Looking at it side-on you can see a series of near horizontal cuts. These allowed the butt of the stem to sink temporarily into a soft compressible scoop formed by the overall amount of wood removed by the kerfs. The cuts don't go so far around as they get lower. There is a good reason for this.

 

Imagine you are standing at the base of a gangly tree. The tree leans slightly to your right. You want it to go left. Without wedges or winch or pushing. Let's say it's too big to push and too tall to put a line onto an upper branch to pull.

 

You basically have to put a humboldt sink in 25% (american style, sink is upside down). Then do a deliberate dutchman on the horizontal cut on the side away from you. Just to achieve another 10% of the diameter.

 

Then you have to do a series of progressively less deep cuts into the underside of the sink. See photo

 

Then you have to put your normal back cut in but with a tapered hinge (narrowing away from you). At the last moment and the hardest bit to do is swing the saw round to the offside and cut through the thinnest tip of the tapered hinge.
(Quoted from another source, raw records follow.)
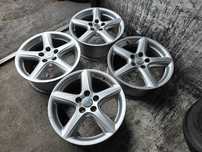 Sprzedam Oryginalne Alufelgi Toyota 17" 5x114,3 7j ET45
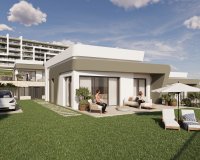 Nieuwbouw Woningen - Appartement / flat - Mutxamel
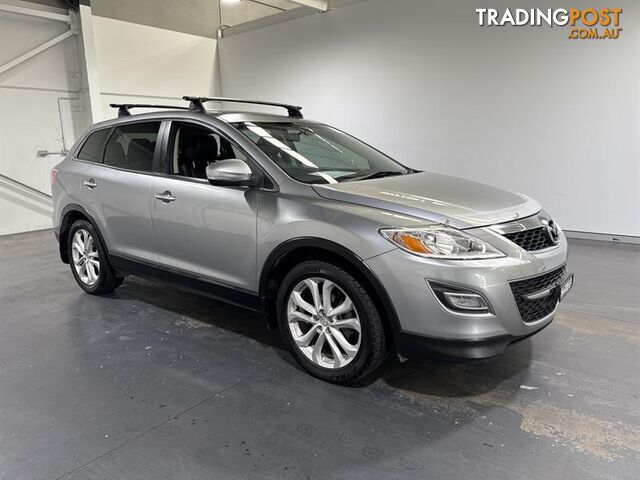 2011 MAZDA CX-9 LUXURY 4D WAGON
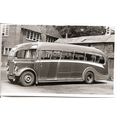 Black & White Photograph of Triumph Coaches Ltd...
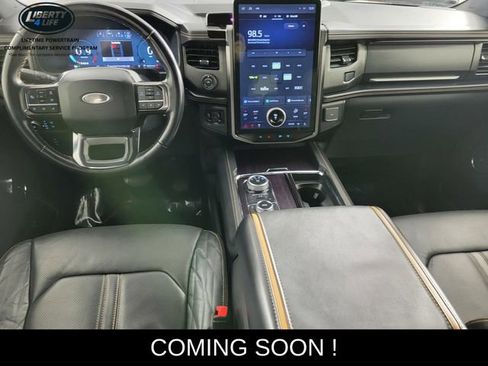 Used 2022 Ford Expedition Max Platinum image 20
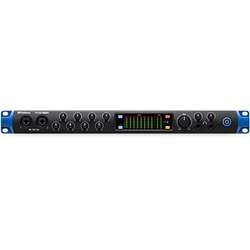 PreSonus Studio 1824c, 18X24 USB-C / 24-bit/192kHz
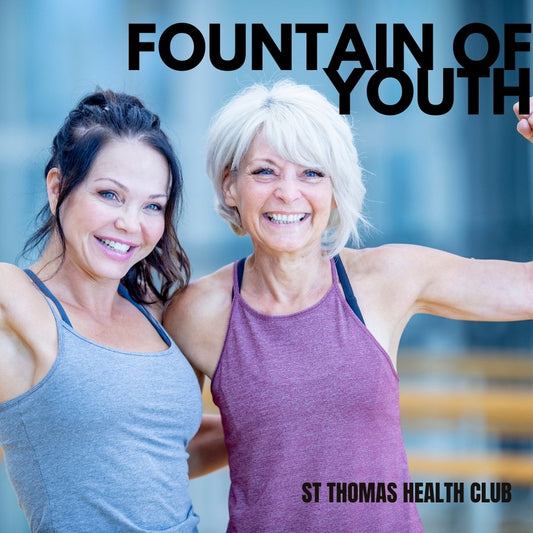 Fountain of Youth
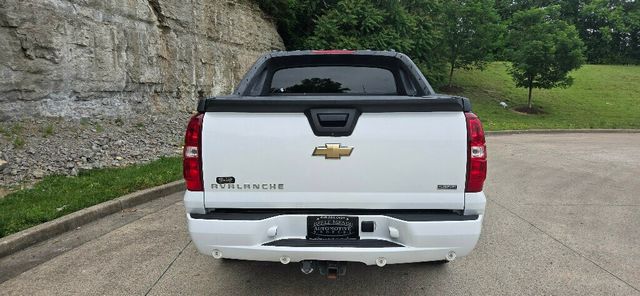 2008 Chevrolet Avalanche 4WD Crew Cab 130" LT w/2LT - 23022963 - 5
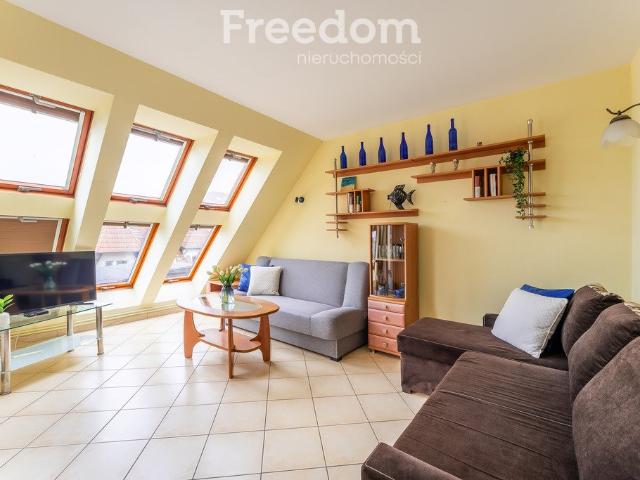 Polecam jasny apartament 29,39 m² blisko plaży w Kołobrzegu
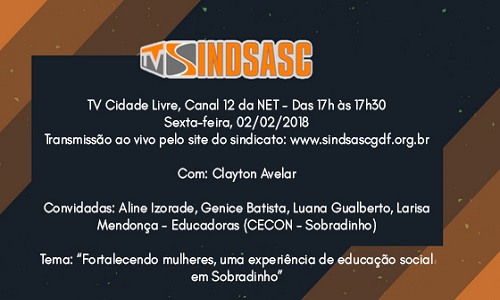 TV SINDSASC Nº 42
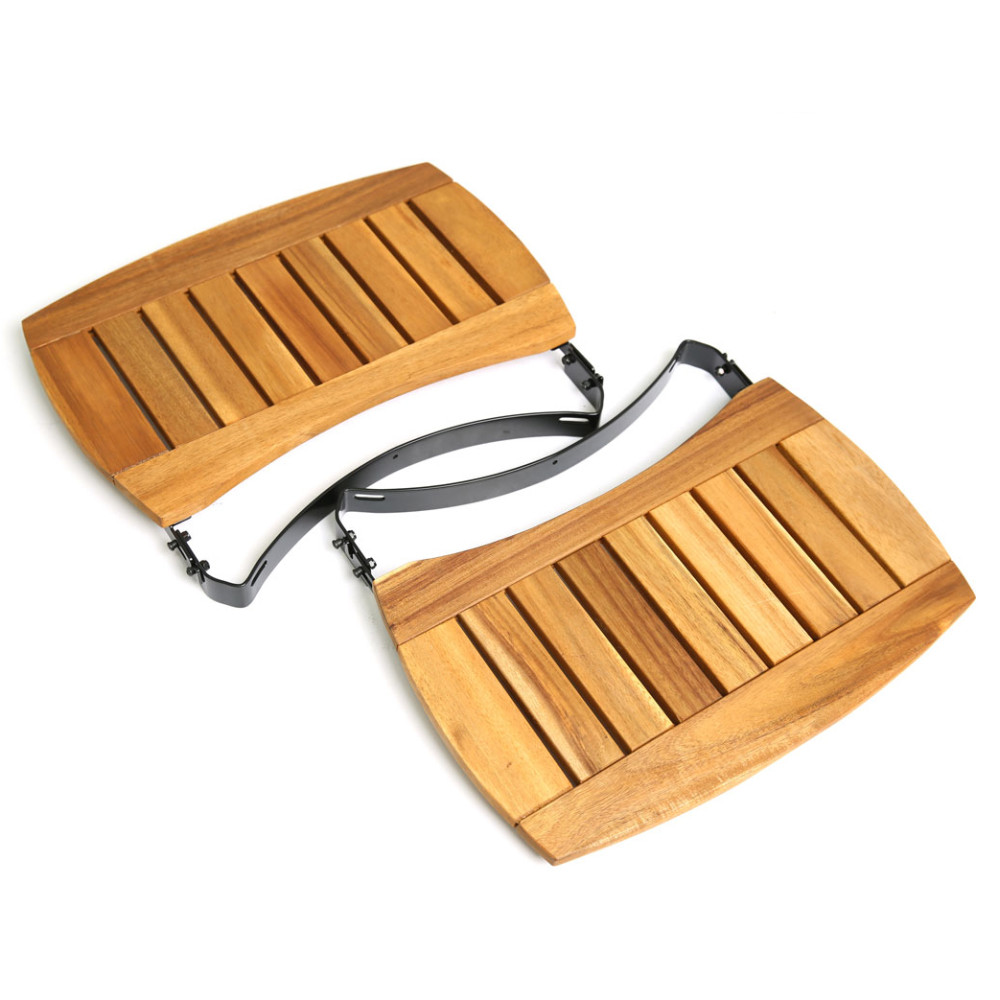 Боковые столики для гриля Big Green Egg XL, акация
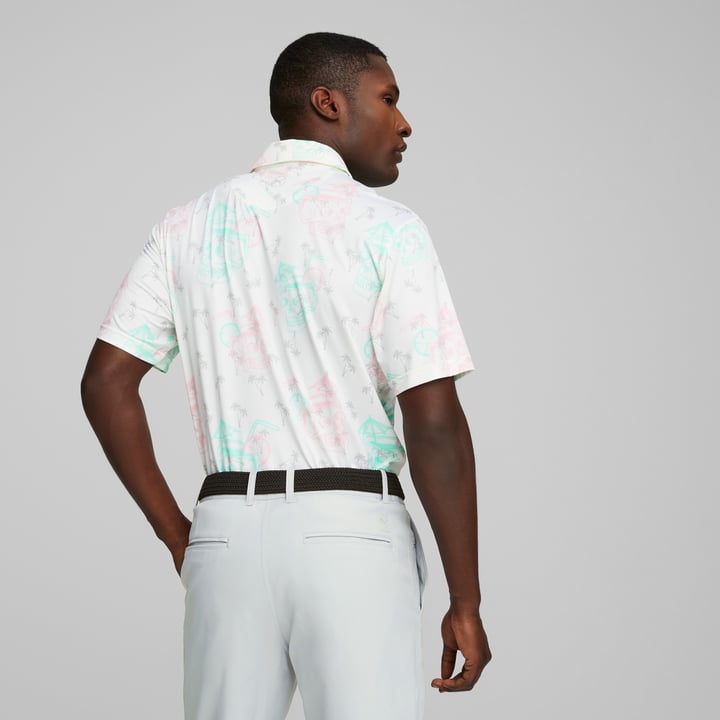 Mattr Tropi-Cool Shirt Puma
You know this is gouing to trap the bar but it doesn't because of what happens next. Pull the saw out sharpish and stand back and watch...

 

The stem starts to fall right and slightly away from you. Then it's weight causes its butt to sink into the scoop created by all those cuts into the underside of the sink. Those thin layers of wood bend or crack, converting the rightward drop of the stem into an away-from you drop, held by the thickly tapered hinge. By now, you should be marvelling at the graceful arc of the stem as the rightwardward weight converts to leftward momentum.

 

As the stem gets to the most away-from-you point, the slices run out and the scoop gets smaller, eventually turning into a normalish left-sided sink. Now you can watch and wonder as the stem stops going away from you and its weight and momentum pull it round to the left.

 

Then the hinge gives way as normal and the stem plops down on the left side as planned. It's a blessed miracle. Right lean becomes left fell.

 

I am thinking of it this way. The equivalent of a series of cornettos. Each one tricks the stem to go a little further left than it would. But once it starts moving the trickery becomes easier. And when you add up all the tricks, it has gone 180 degrees.